#### Task instructions
Lines from the top of the entries down to the line with "Geranium Flower Silhouette" must be set down exactly as they stand, with both ends retained.

--

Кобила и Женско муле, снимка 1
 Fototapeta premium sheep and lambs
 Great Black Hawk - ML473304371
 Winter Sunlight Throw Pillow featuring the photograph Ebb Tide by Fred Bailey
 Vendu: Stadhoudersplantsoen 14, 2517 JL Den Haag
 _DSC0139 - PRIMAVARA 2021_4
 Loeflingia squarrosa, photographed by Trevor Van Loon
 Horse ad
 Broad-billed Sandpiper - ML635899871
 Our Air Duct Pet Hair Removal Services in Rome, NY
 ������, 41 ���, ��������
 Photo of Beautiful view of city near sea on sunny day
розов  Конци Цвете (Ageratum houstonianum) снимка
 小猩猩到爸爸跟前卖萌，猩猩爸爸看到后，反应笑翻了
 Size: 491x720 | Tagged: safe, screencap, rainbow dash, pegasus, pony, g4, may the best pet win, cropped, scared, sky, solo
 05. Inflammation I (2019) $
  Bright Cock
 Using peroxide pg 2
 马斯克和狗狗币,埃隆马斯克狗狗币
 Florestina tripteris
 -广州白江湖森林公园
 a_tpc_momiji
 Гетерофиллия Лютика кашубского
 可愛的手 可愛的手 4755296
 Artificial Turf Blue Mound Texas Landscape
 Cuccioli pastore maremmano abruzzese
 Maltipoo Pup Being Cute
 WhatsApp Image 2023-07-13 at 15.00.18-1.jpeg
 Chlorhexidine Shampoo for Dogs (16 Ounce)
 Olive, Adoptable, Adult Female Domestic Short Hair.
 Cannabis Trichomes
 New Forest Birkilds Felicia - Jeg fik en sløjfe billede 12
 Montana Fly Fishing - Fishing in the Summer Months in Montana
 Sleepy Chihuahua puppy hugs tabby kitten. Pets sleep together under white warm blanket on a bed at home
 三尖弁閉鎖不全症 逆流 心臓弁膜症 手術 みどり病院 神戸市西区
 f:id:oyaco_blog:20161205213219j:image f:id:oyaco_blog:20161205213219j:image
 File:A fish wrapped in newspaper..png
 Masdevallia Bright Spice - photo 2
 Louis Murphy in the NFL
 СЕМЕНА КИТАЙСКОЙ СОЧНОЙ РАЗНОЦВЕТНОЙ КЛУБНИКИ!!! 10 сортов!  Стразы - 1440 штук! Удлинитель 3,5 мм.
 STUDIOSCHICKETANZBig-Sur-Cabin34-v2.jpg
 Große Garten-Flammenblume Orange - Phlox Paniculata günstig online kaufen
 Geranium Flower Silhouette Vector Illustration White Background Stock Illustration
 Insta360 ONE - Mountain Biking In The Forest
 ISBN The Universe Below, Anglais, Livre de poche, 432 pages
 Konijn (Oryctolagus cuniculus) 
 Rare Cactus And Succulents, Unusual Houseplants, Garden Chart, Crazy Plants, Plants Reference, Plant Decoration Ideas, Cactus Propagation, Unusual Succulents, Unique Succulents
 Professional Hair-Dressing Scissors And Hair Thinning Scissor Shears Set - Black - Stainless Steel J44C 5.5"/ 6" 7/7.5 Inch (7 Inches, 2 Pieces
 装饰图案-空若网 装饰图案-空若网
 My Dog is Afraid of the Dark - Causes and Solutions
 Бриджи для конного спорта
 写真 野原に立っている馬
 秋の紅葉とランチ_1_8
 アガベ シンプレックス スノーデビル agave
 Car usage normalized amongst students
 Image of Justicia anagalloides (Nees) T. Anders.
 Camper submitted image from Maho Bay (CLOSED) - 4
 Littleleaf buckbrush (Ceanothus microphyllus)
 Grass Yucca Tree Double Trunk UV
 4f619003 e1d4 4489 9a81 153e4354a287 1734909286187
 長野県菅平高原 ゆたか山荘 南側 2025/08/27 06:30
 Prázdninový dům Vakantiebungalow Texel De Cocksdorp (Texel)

--

#### Exercise response
Кобила и Женско муле, снимка 1
 Fototapeta premium sheep and lambs
 Great Black Hawk - ML473304371
 Winter Sunlight Throw Pillow featuring the photograph Ebb Tide by Fred Bailey
 Vendu: Stadhoudersplantsoen 14, 2517 JL Den Haag
 _DSC0139 - PRIMAVARA 2021_4
 Loeflingia squarrosa, photographed by Trevor Van Loon
 Horse ad
 Broad-billed Sandpiper - ML635899871
 Our Air Duct Pet Hair Removal Services in Rome, NY
 ������, 41 ���, ��������
 Photo of Beautiful view of city near sea on sunny day
розов  Конци Цвете (Ageratum houstonianum) снимка
 小猩猩到爸爸跟前卖萌，猩猩爸爸看到后，反应笑翻了
 Size: 491x720 | Tagged: safe, screencap, rainbow dash, pegasus, pony, g4, may the best pet win, cropped, scared, sky, solo
 05. Inflammation I (2019) $
  Bright Cock
 Using peroxide pg 2
 马斯克和狗狗币,埃隆马斯克狗狗币
 Florestina tripteris
 -广州白江湖森林公园
 a_tpc_momiji
 Гетерофиллия Лютика кашубского
 可愛的手 可愛的手 4755296
 Artificial Turf Blue Mound Texas Landscape
 Cuccioli pastore maremmano abruzzese
 Maltipoo Pup Being Cute
 WhatsApp Image 2023-07-13 at 15.00.18-1.jpeg
 Chlorhexidine Shampoo for Dogs (16 Ounce)
 Olive, Adoptable, Adult Female Domestic Short Hair.
 Cannabis Trichomes
 New Forest Birkilds Felicia - Jeg fik en sløjfe billede 12
 Montana Fly Fishing - Fishing in the Summer Months in Montana
 Sleepy Chihuahua puppy hugs tabby kitten. Pets sleep together under white warm blanket on a bed at home
 三尖弁閉鎖不全症 逆流 心臓弁膜症 手術 みどり病院 神戸市西区
 f:id:oyaco_blog:20161205213219j:image f:id:oyaco_blog:20161205213219j:image
 File:A fish wrapped in newspaper..png
 Masdevallia Bright Spice - photo 2
 Louis Murphy in the NFL
 СЕМЕНА КИТАЙСКОЙ СОЧНОЙ РАЗНОЦВЕТНОЙ КЛУБНИКИ!!! 10 сортов!  Стразы - 1440 штук! Удлинитель 3,5 мм.
 STUDIOSCHICKETANZBig-Sur-Cabin34-v2.jpg
 Große Garten-Flammenblume Orange - Phlox Paniculata günstig online kaufen
 Geranium Flower Silhouette Vector Illustration White Background Stock Illustration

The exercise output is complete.